BRICS countries represent almost 3 billion people, or approximately
40% of the world population. The five nations have a combined nominal
GDP of US$16.039 trillion, equivalent to approximately 20% of the
gross world product, and an estimated US$4 trillion in combined
foreign reserves.  Many feel that BRICS is a continuation of the
Bandung Conference.

History will record two Bandung conferences. The first took place 60
years ago between April 18-24, 1955 at which 29 African and Asian
nations met in Bandung, Indonesia to promote economic and cultural
cooperation and to oppose colonialism.

The idea of the Bandung Conference came from Ahmed Sukarno of
Indonesia. It was conceived in Colombo, Indonesia, where the Colombo
powers – India, Pakistan, Ceylon (now Sri Lanka), Burma (now Myanmar)
and Indonesia, the host country – met in April 1954. The Bandung
Conference led to the 1961 creation of the Non-Aligned Movement.

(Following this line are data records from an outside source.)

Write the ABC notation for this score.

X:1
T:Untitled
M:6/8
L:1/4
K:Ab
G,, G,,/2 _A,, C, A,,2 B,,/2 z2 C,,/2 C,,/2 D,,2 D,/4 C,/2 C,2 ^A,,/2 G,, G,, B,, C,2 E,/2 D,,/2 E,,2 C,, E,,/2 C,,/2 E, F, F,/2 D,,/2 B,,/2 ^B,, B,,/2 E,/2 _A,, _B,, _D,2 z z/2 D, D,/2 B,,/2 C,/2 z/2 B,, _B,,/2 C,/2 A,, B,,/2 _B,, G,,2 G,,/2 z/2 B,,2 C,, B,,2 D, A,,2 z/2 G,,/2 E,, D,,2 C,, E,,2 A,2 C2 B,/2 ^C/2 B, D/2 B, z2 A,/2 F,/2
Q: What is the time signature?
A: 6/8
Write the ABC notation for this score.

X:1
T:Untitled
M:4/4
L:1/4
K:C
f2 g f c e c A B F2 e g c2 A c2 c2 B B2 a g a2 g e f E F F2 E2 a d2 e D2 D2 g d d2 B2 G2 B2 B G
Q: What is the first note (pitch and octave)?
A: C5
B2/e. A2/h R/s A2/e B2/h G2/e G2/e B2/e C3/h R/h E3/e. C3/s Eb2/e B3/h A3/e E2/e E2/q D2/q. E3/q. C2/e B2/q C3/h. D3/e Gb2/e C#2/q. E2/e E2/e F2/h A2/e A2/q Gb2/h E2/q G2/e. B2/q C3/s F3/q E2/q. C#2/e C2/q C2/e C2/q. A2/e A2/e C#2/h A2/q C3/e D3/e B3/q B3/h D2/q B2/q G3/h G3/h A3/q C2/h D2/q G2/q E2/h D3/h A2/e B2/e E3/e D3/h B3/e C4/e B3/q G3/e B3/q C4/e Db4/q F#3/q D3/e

At that moment in history Josip Broz Tito was the president of
Yugoslavia. The Non–Aligned Movement was founded in Belgrade. The idea
for the group was largely conceived by Jawaharlal Nehru, India’s first
prime minister. Other players were U Nu Burma’s first prime minister,
Sukarno Indonesia’s first president, Gamal Abdel Nasser and Kwame
Nkrumah, Ghana’s first president.

The second Bandung Conference took place in 2005. The first head of
state to arrive at the 2005 conference was South African President
Thabo Mbeki. Ironically, South Africa along with Israel, Taiwan and
North and South Korea were all barred from the 1955 conference. In
light of recent tragic events, Mbeki visited the tsunami stricken
province of Aceh before he proceeded to the conference.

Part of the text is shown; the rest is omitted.